# Pics of Georgia and Alabama Openers



## jeremyledford (Nov 29, 2012)

Found a few birds along the way and had some good times with the family...
What'd ya'll think about the opener(s) this year?


Georgia






Alabama


----------



## Bdub (Nov 29, 2012)

Thats freaking awesome! One of these days all of my scouting and time will pay off like that..... i hope.

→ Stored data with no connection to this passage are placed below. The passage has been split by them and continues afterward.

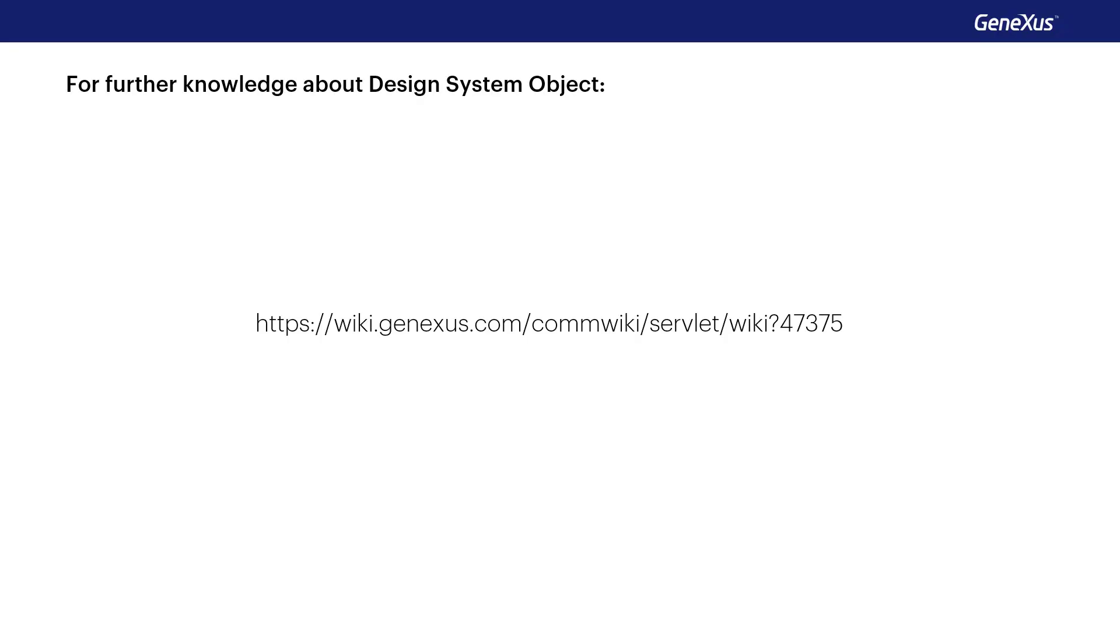This video sums up how to create and modify a design system object and how to extend it by importing definitions of another design system object. Another possible way, which will be shown in another video, is to import a full design made by designers from Sketch. To learn more about the design system object, we invite you to visit the following wiki page.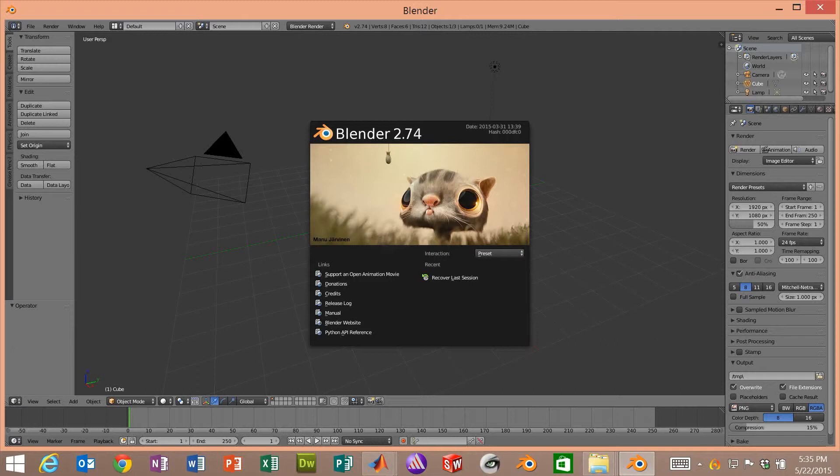In this session we will load that into Blender and I'll show you some simple things about how to resize it. The main thing is that I want to show you how to extrude it so that you can have a three-dimensional object.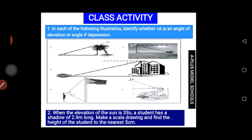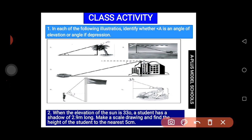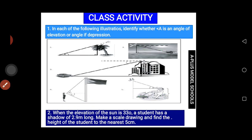That is the end of our class for today. You have two questions for class activities. The first one: you are given 5 diagrams and must state whether each angle shown is an angle of elevation or depression. Just look at where the observer is and where they are looking. Look at where angle A is and tell us the type of angle.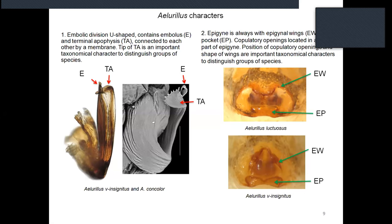For females, the epigyne is always with epigyne wings, and the copulatory openings are located in the anterior part of the epigyne. The position of copulatory openings and the shape of the wings are also important taxonomical characters to distinguish groups of species.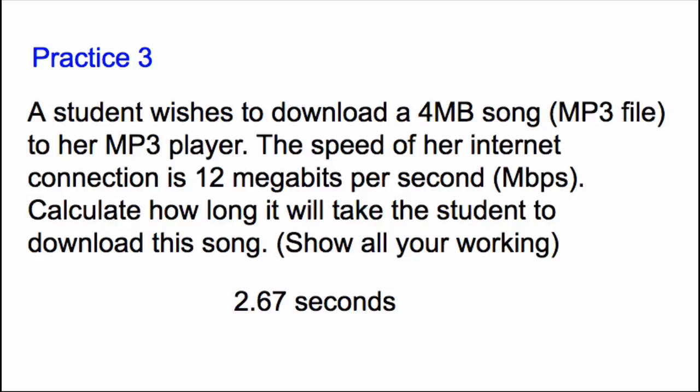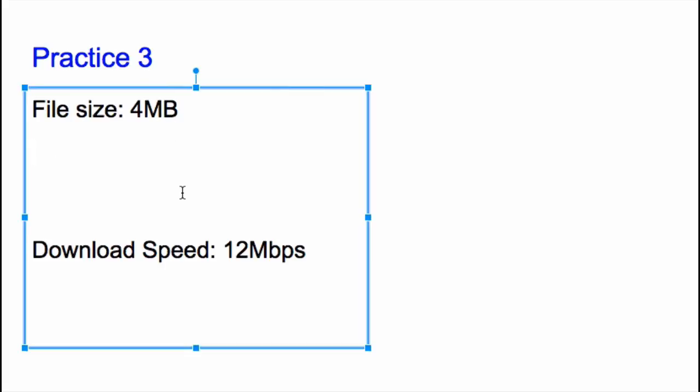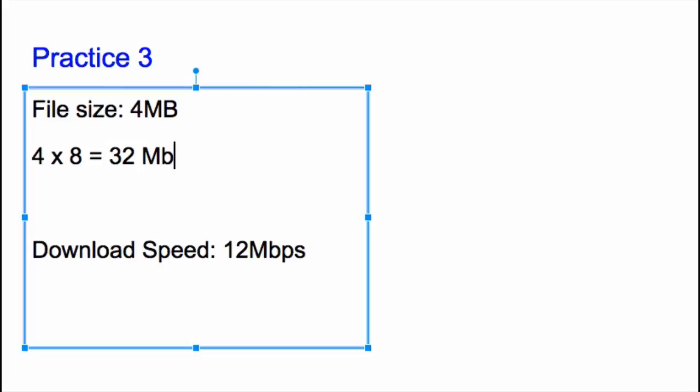So the next thing that we're gonna do is I'm gonna stop this. And the file size, right, so we have megabytes. So what we have to do is get that into megabits because this is already, they're both megas. So the only thing that you have to do, really straightforward, is multiply to get the megabits. So a 4 megabyte song is 32 megabits, so pretty easy.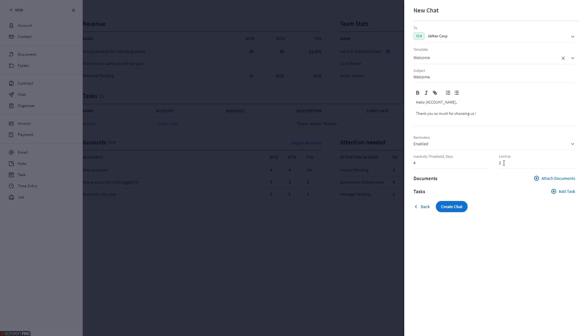Message reminders will only stop when the client has not responded to the message and the set number of reminders has been sent, when the client has responded to the last message in the thread, when all client tasks in the thread are checked off as completed, when the chat thread is moved to archive, and when the reminders option is disabled.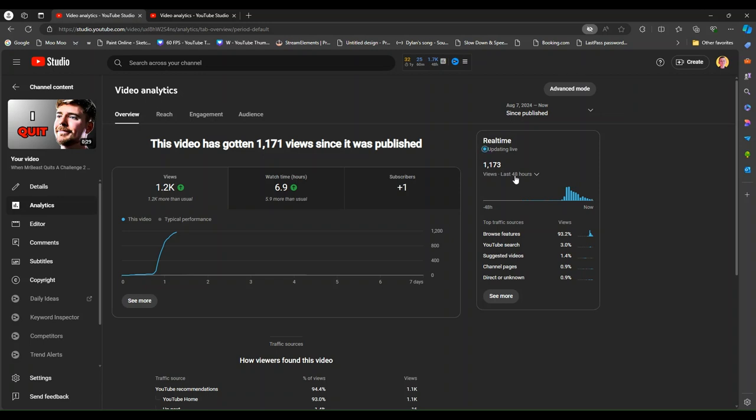That's right guys, 900 plus in a day and it currently is at 1173. It says right here.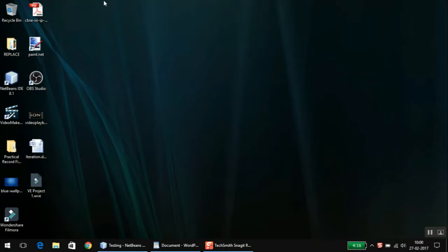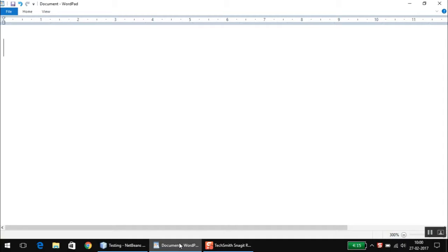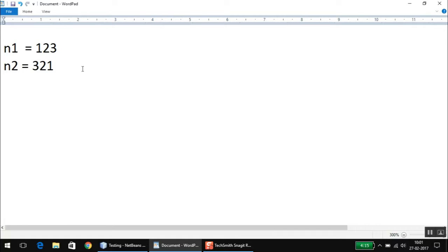Hello friends, this is Ashurad here, and in this video we are going to discuss a program of checking whether a given number is a palindrome number or not. One of my subscribers requested me to make this video. First of all, let us discuss what exactly is a palindrome number: if I store a number n1 and obtain its reverse, then check whether the original and its reverse are equal or not — if they are equal, we say the number is a palindrome.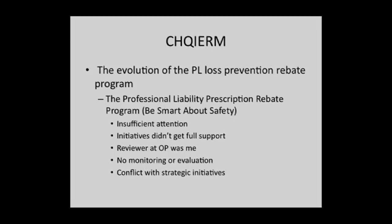Last year at the Colloquium, Grace Cricket, our chief risk officer — who unfortunately today is her last day — the light bulb went off for both of us. We were in the audience and we turned to each other and said, wouldn't it be a great partnership if we funded grants through CHQI ERM? This represents the evolution of the PL loss prevention rebate program.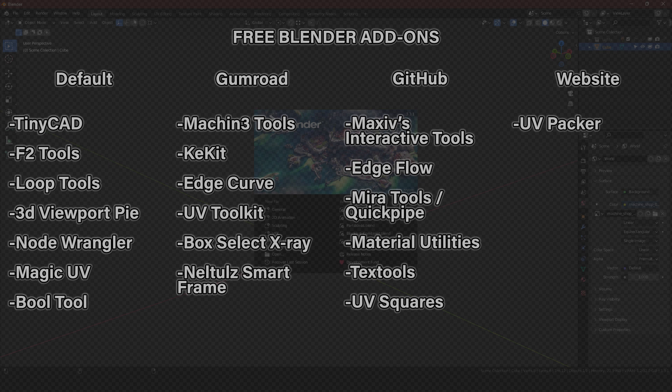Category 2, mostly on Gumroad: Machine Tools, Key Kit, Edge Curve, UV Toolkit, Box Select X-Ray, and Nel Tools Smart Frame.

Congrats I bet that was a lot of fun.


----------



## vrooom (Nov 29, 2012)

Looks like I know where to head this weekend and next weekend


----------



## ThunderRoad (Nov 29, 2012)

vrooom said:


> Looks like I know where to head this weekend and next weekend



Yeah if you want to run over coots in the middle of the lake...have fun!


----------



## stringmusic (Nov 29, 2012)

y'all murdered them!! Looks like some good times.


----------



## stringmusic (Nov 29, 2012)

vrooom said:


> Looks like I know where to head this weekend and next weekend



You talking about GA or Al?


----------



## ThunderRoad (Nov 29, 2012)

stringmusic said:


> You talking about GA or Al?



We will hit both. Just make sure that web has that boat gas'd up sohn!


----------



## vrooom (Nov 29, 2012)

stringmusic said:


> You talking about GA or Al?



Obv al this weekend and ga this weekend. Know where both those pics are


----------



## nickf11 (Nov 29, 2012)

Well the GA one is in someone's driveway and the AL one you can probably tell what lake they're on but that's an awfully big lake. Good luck finding em. 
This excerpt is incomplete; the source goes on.